EXERCISE REQUIREMENTS: Reproduce the listing below word for word, with no pictures.
#### MATERIAL PROVIDED
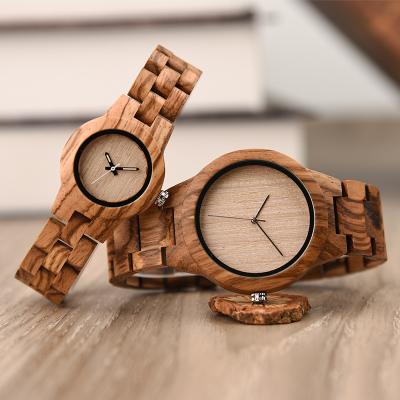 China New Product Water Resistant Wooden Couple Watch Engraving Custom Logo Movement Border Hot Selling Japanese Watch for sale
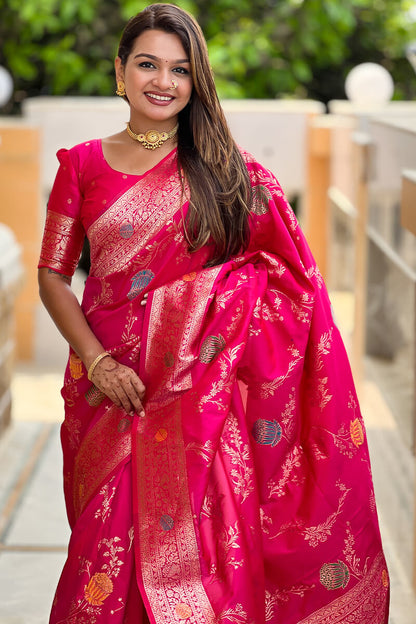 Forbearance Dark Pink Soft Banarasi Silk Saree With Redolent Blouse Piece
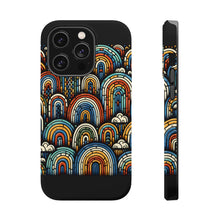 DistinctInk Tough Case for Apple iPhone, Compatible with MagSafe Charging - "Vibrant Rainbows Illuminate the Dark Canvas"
########
OUTPUT FOR THIS EXERCISE:
 China New Product Water Resistant Wooden Couple Watch Engraving Custom Logo Movement Border Hot Selling Japanese Watch for sale
 Forbearance Dark Pink Soft Banarasi Silk Saree With Redolent Blouse Piece
 DistinctInk Tough Case for Apple iPhone, Compatible with MagSafe Charging - "Vibrant Rainbows Illuminate the Dark Canvas"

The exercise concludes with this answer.